Regulamento barrou incremento de cereais
O problema, define Padilha, não é a presença dos chamados adjuntos cervejeiros: é a intenção com que se colocam os cereais na bebida. Ele critica a utilização com o único objetivo de baratear a produção e aponta que hoje mais pessoas levam em conta o emprego dessas substâncias.

- Antes, ninguém se tocava da diferença, mas hoje há uma massa maior de consumidores que entendem isso como um indicador de que produtos menos nobres são utilizados na cerveja.

Nova legislação permitirá ingredientes diferentes nas cervejas nacionais

Ainda sendo finalizada, a nova regulamentação para fabricar cerveja no Brasil, com aprovação prevista para 2015, impediu o aumento de 45% para 50% na quantidade de cereais não maltados, uma demanda das empresas. Deverão ser permitidos ingredientes usados para conferir mais sabor à bebida, como mel, cacau e pimenta.

A autora principal do estudo que evidenciou a presença de muitos componentes além de cevada, lúpulo e água na cerveja brasileira, ressalta que só em laboratório pode ser verificada a proporção de uso dos cereais não maltados.

- Analisamos 49 cervejas produzidas no Brasil e 28 importadas e descobrimos que apenas 21 delas utilizavam somente cevada. Entre as brasileiras, praticamente um terço, principalmente as produzidas em larga escala, apresentavam cerca de 50% de milho em sua composição - relata a bióloga Sílvia Mardegan.

- Conforme o tipo de adjunto e a quantidade, podem ser alteradas algumas características do produto final - diz Michele Nasato, coordenadora de cursos na Escola Superior de Cerveja e Malte. - Mas não deve interferir na qualidade da cerveja. E é comum em outros países a utilização de adjuntos em quantidades parecidas com o que é praticado no Brasil - completa.

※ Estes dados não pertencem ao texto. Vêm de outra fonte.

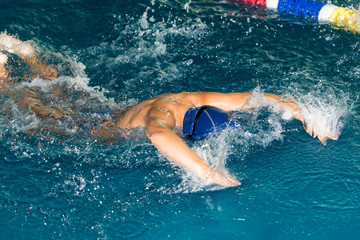 boy swimming in the pool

A escolha do cereal a ser utilizado como adjunto varia de um lugar para o outro, conforme Michele, mas o fator preponderante é o custo. No Brasil, onde se produz pouca cevada, optar por produtos abundantes como o milho e o arroz é uma alternativa que deveria se refletir em preços menores para o consumidor, segundo os especialistas. Ainda assim, há quem destaque que a cerveja, com sabor pouco marcante - quando comparada àquelas com grande presença de malte - e geralmente bebida bem gelada, é adequada ao clima tropical.

A Associação Brasileira da Indústria da Cerveja (CervBrasil) usa dados de 2006 para apoiar essa tese. A pilsen de coloração clara e baixo teor alcoólico (entre 3% e 5%), garante a associação, é preferência nacional: sozinha, representa 98% do consumo brasileiro de cervejas. A diretora do Instituto da Cerveja, Kathia Zanatta, salienta que, além da redução de custo, a substituição de parte do malte de cevada por milho ou arroz ocorre também para adequar o produto ao paladar brasileiro.

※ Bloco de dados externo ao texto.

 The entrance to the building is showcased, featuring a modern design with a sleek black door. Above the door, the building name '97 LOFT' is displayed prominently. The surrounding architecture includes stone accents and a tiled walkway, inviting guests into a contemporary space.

- Tem o lado do custo, mas tem também o de deixar o produto menos saboroso e encorpado. A maior parte dos brasileiros quer uma cerveja leve, gelada, com sabor pouco marcante. Não é a minha preferência, mas tem gosto para tudo - afirma Kathia.

Detalhe ZH
Água pura, malte e lúpulo: são esses os únicos ingredientes aceitos pela Reinheitsgebot, a Lei da Pureza da Cerveja, instituída na Baviera, região sul da Alemanha, em 1516. Muitas cervejarias artesanais ainda seguem à risca a tradição, com um adicional desconhecido na época: a levedura. Outras escolas de cerveja, como a belga, permitem maior liberdade na escolha dos ingredientes.